Collected material.
++++
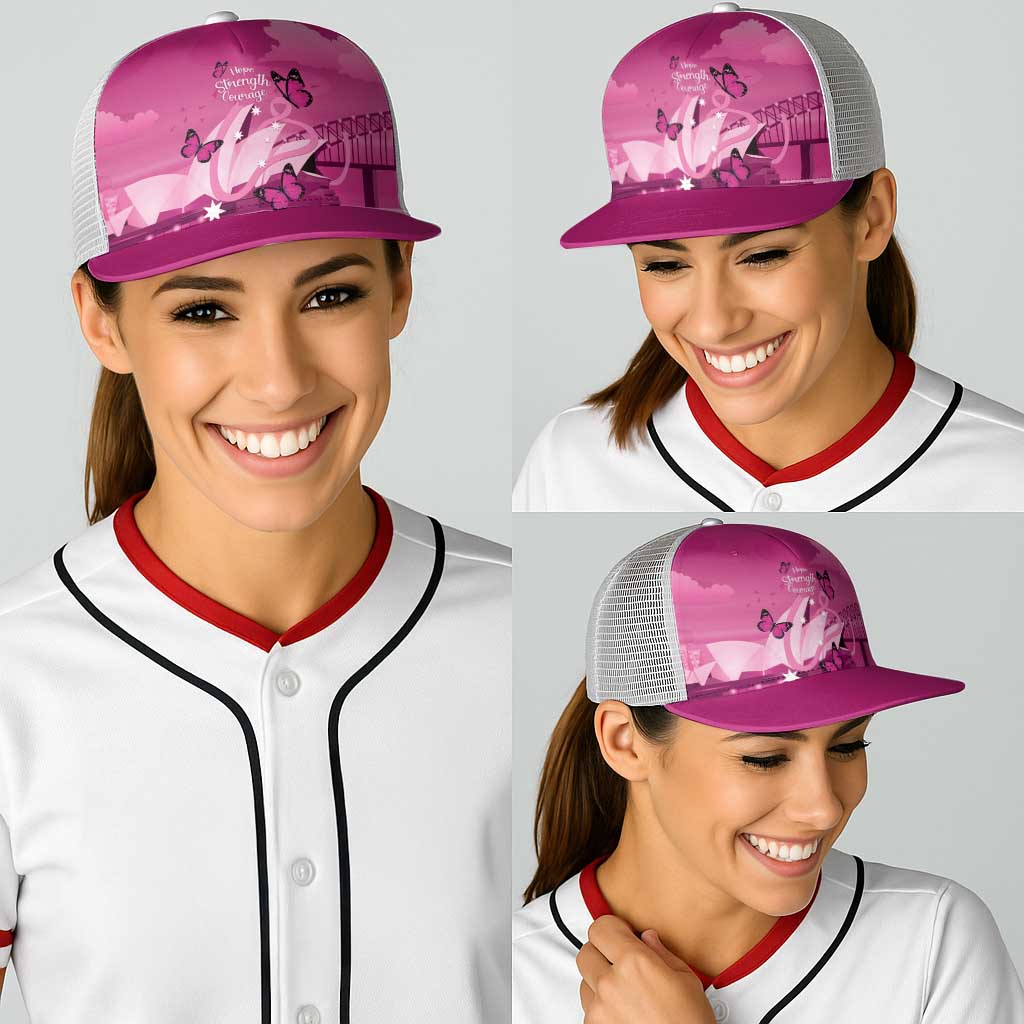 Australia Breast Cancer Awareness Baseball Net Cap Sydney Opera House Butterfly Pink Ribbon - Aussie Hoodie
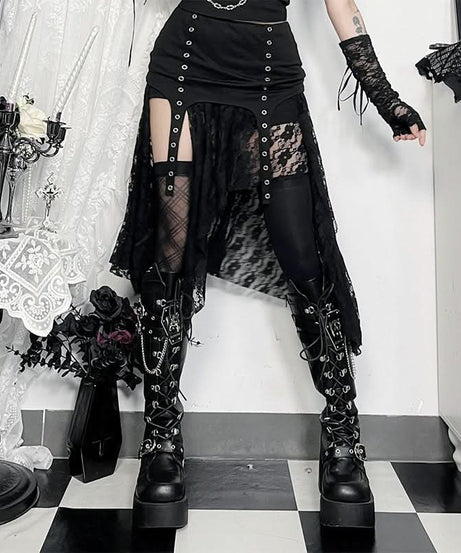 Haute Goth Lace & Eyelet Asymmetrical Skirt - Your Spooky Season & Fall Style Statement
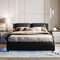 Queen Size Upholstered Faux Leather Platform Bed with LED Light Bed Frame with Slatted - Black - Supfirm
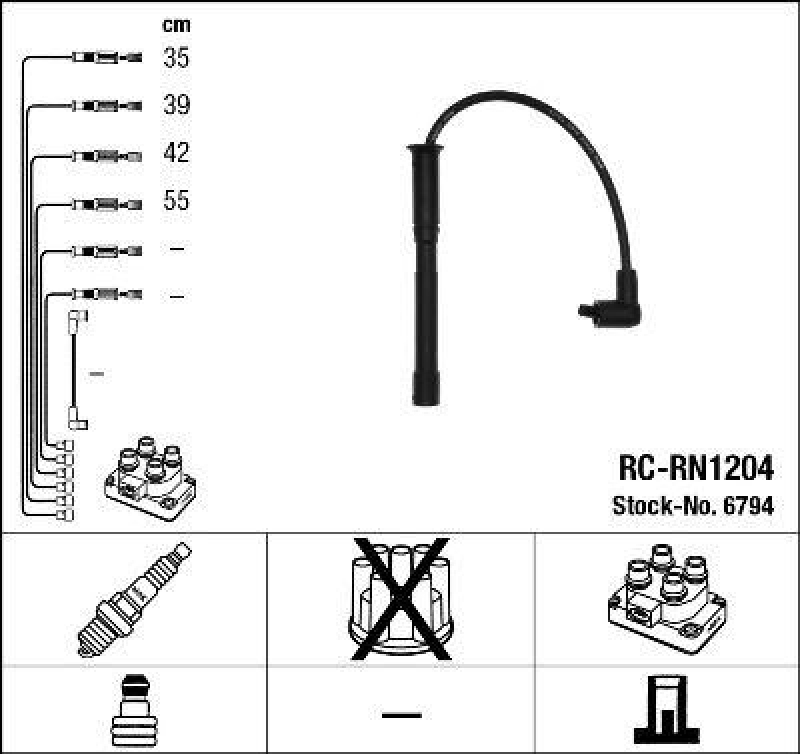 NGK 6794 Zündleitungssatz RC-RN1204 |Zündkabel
++++
What to do. For this exercise, transcribe exactly only the lines from the one containing "Queen Size Upholstered" through the end of the listing, inclusive, without the pictures.

Your response.
 Queen Size Upholstered Faux Leather Platform Bed with LED Light Bed Frame with Slatted - Black - Supfirm
 NGK 6794 Zündleitungssatz RC-RN1204 |Zündkabel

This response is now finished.